Just thought I would share some thoughts on this book that I read today. I know that most of you have already read this book so please offer any insights that you feel are important that I am missing.
I have previously read her most famous book, Atlas Shrugged, and wanted to give this one a try for the past three years. It is a rather short book, registering at about 100 pages. The story is about how one might feel under a totally collectivist society, and how one should feel after escaping it. I just want to put a few quotes down that I found interesting throughout the book.
"The laws say that none among men may be alone, ever and at any time, for this is the great transgression and the root of all evil."

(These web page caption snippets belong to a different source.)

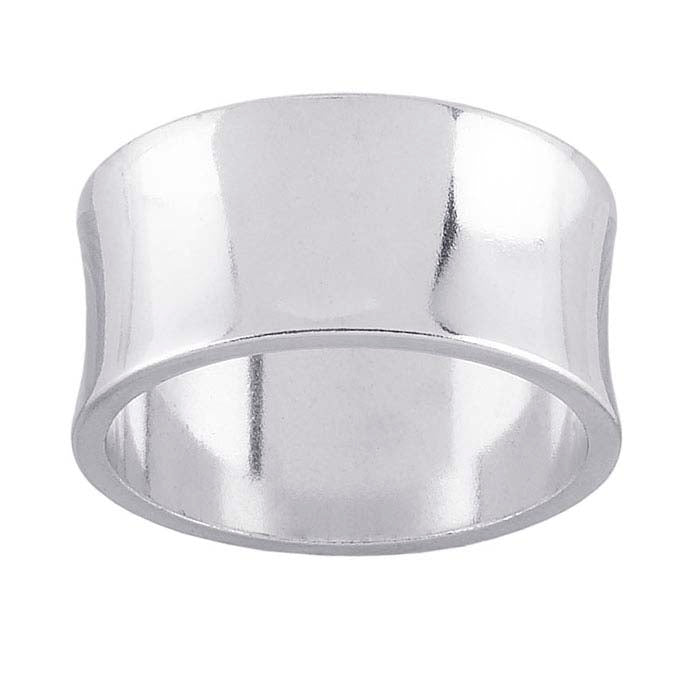 Sterling Silver Concave Band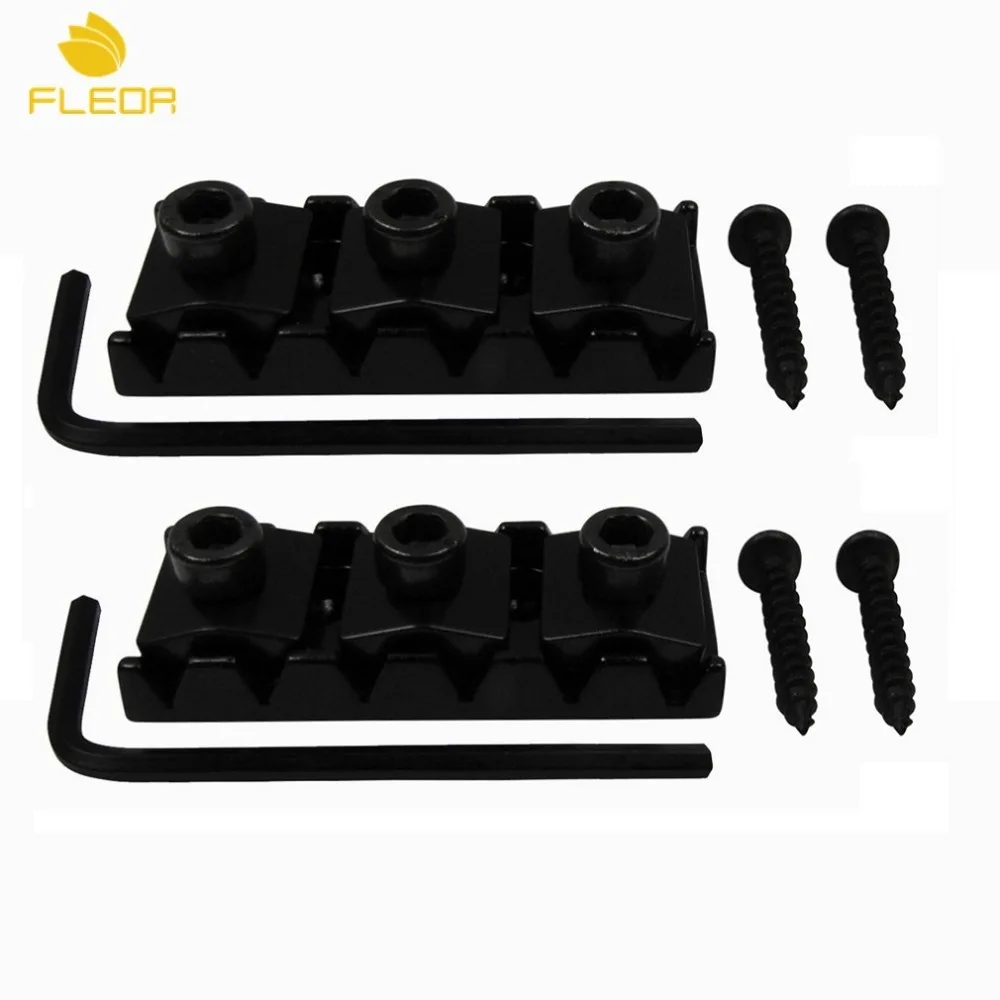 Металлическая гитарная Блокировка FLEOR 2 шт. брикет 42 мм мостовые Части гитары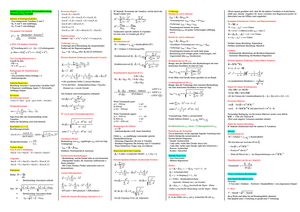 Formelblatt Einführung in die empirische WiFo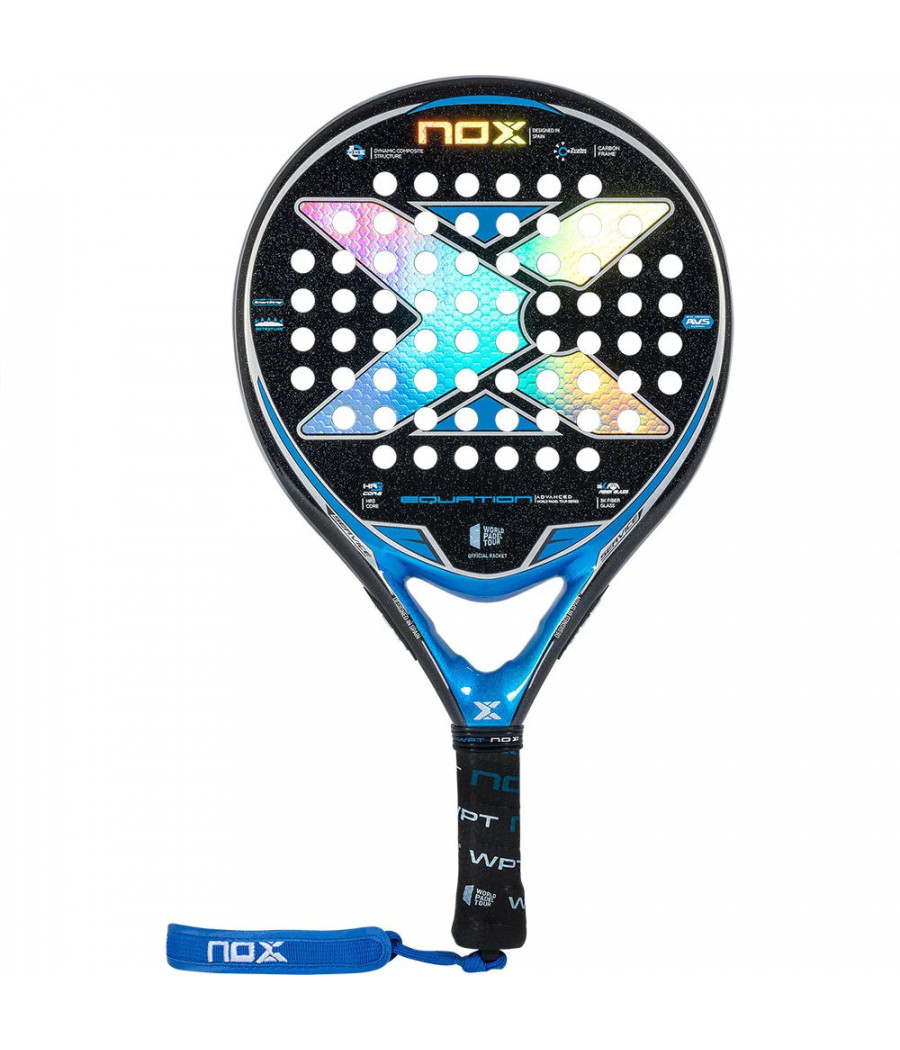 Raquette de padel Nox Equation WPT bleu et noir brillant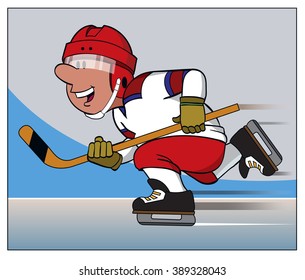 Fast Skate  /  A hockey player on ice.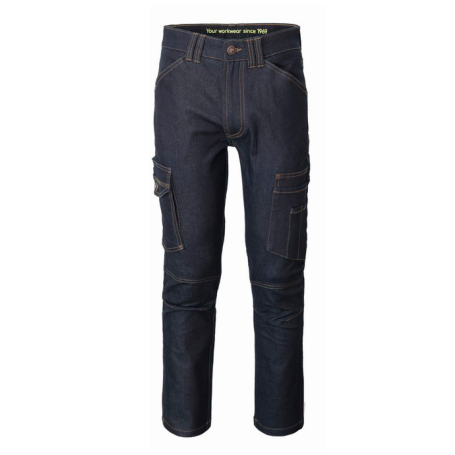 RADNE HLAČE JEANS CARGO TAMNO PLAVE 48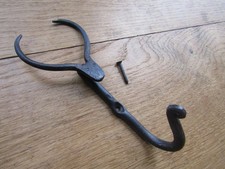 Rustic iron coat hook hand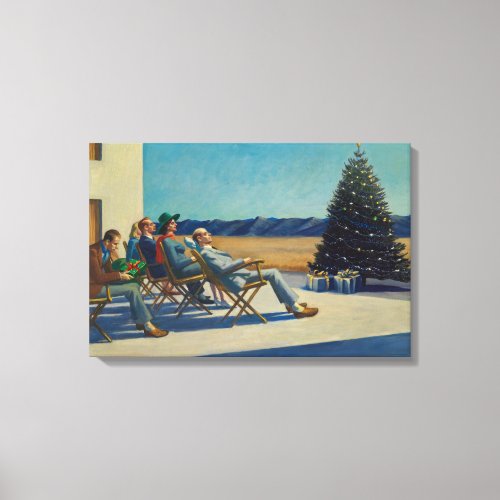 Christmas Day People in the Sun Edward Hopper Canvas Print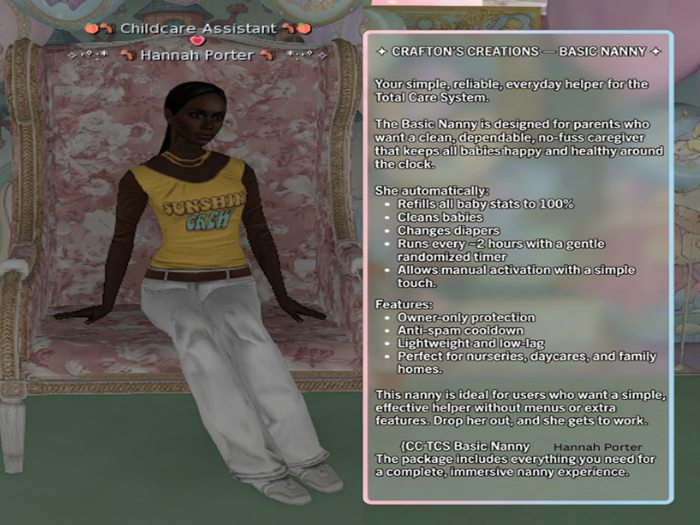 {CC} TCS Basic Nanny (Hannah Porter)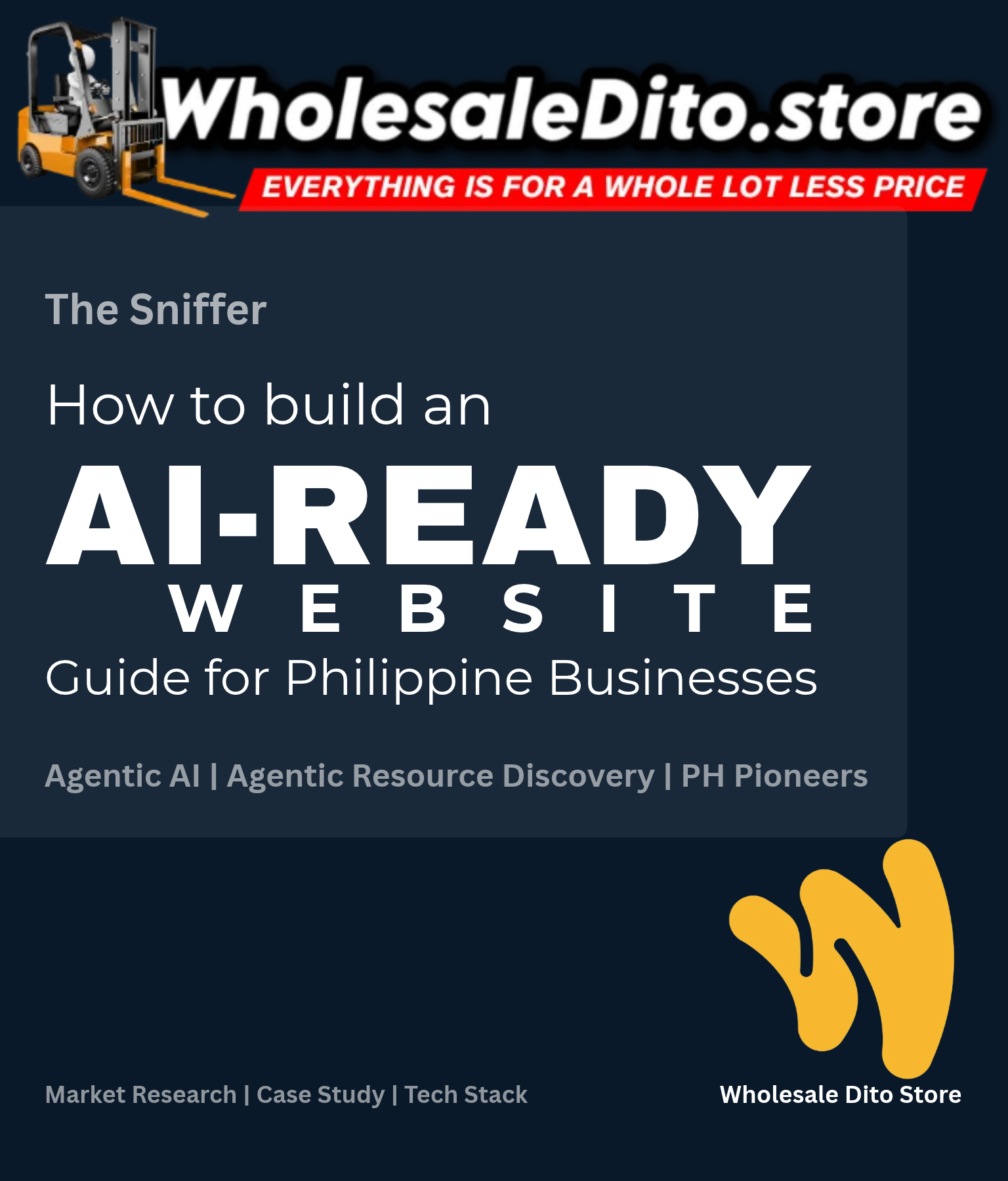 The Sniffer guide: AI-Ready Website Guide for Philippine Businesses - the files AI agents look for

This description of the collectivist struck me as the one that most wholly applied to the world today. When I was in England and taking a bus ride, I saw the following sign:
![Image](http://imgur.com/iOO2rl.jpg)
This is the exact thing that Rand was predicting in her book. We may not isolate ourselves from others, we must only live for others. By being unwilling to speak or just being naturally introverted, a person could be investigated. What an abridgment of freedom that is.
"But I still wonder how it was possible, in those graceless years of transition, long ago, that men did not see whither they were going, and went on, in blindness and cowardice, to their fate."
To a certain extent, I think there are people who see that we are giving up a lot of our individual rights in the name of equality. While I would like to say that the tea party represents the culmination of people with that foresight, I think that most of them are blind sheep following their favorite radio personalities. I was listening to NPR a few days ago and heard someone say that tea partiers would rather receive tax cuts than pay down the debt, and I would link to this poll if I could find it. My opinion is that public tax and debts are both slavery, and that until both are eliminated we will always be obligated to work for the benefit of others.
"There is nothing to take a man's freedom away from him, save other men. To be free, a man must be free of his brothers. That is freedom. That and nothing else."
What an insightful statement!
Rand ends on a bit of hope:
"Through all the darkness, through all the shame of which men are capable, the spirit of man will remain alive on this earth. It may sleep but it will awaken. It may wear chains, but it will break through. And man will go on. Man, not men."